Defendant GOTT acquired the 1973 Parcel as a result of a successful bid which he submitted after the VILLAGE published a Legal Notice dated February 23, 1973. The perimeter description of the property to be sold which was set forth in the Legal Notice was significantly more general and abbreviated than the description ultimately set forth in the 1973 Deed. The description in the Legal Notice was preceded by this language:
"The premises being sold are briefly described
as follows:" emphasis added).
The preamble to the description in the Legal Notice contained
"The VILLAGE OF WARSAW having determined that a
certain parcel of land owned by the VILLAGE is no longer necessary
for VILLAGE purposes ..." (emphasis added).

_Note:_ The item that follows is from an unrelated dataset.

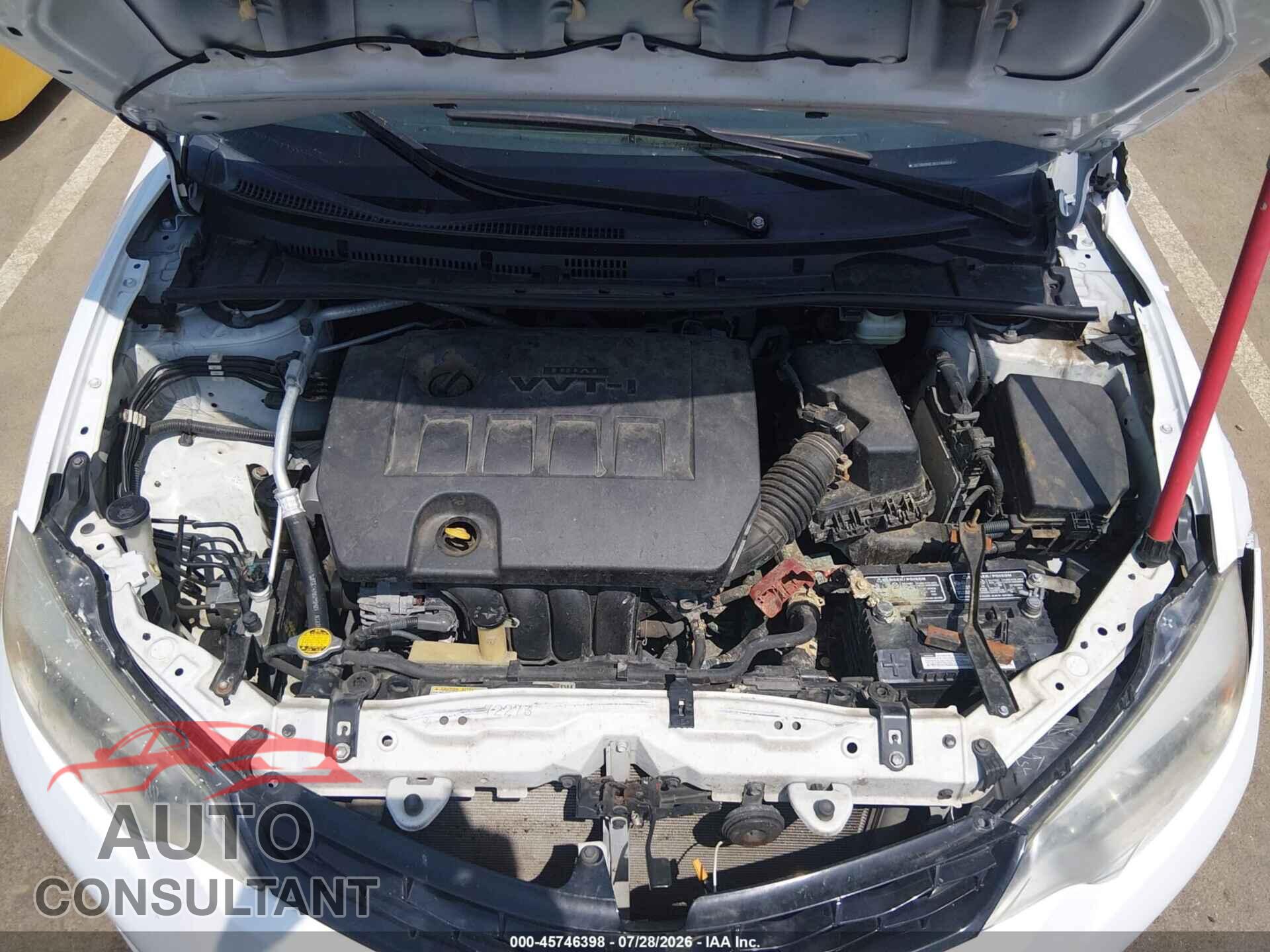 TOYOTA COROLLA 2014 - 2T1BURHE2EC145054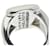 Ring Hermès Bague en Corozo Hermes Argenté Vert  - vue 4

There is no evidence before the Court that at any time between 1973 and 1983 Defendant GOTT, affirmatively requested the execution and delivery of a "corrective" Deed eliminating what he has characterized as a description discrepancy between the published Legal Notice and the 1973 Quit Claim Deed.
There is no doubt by the evidence, the Defendant DONALD GOTT, expected to buy the entire parcel. He very well indeed thought that is what he had bought. However, very simply, he did not get the whole parcel. This he knew very soon after the receipt of his Deed. It appears, in context, in his frustration, suspicion and stubbornness he decided to somehow try and correct this. In matter of fact he simply took matters into his own hands. Again he knew he didn't get what he wanted. MR. GOTT knew very well what he didn't get. He felt he should have gotten it, i.e. the parcel in dispute and proceeded thereafter to act in one form or another like he had indeed gotten it all.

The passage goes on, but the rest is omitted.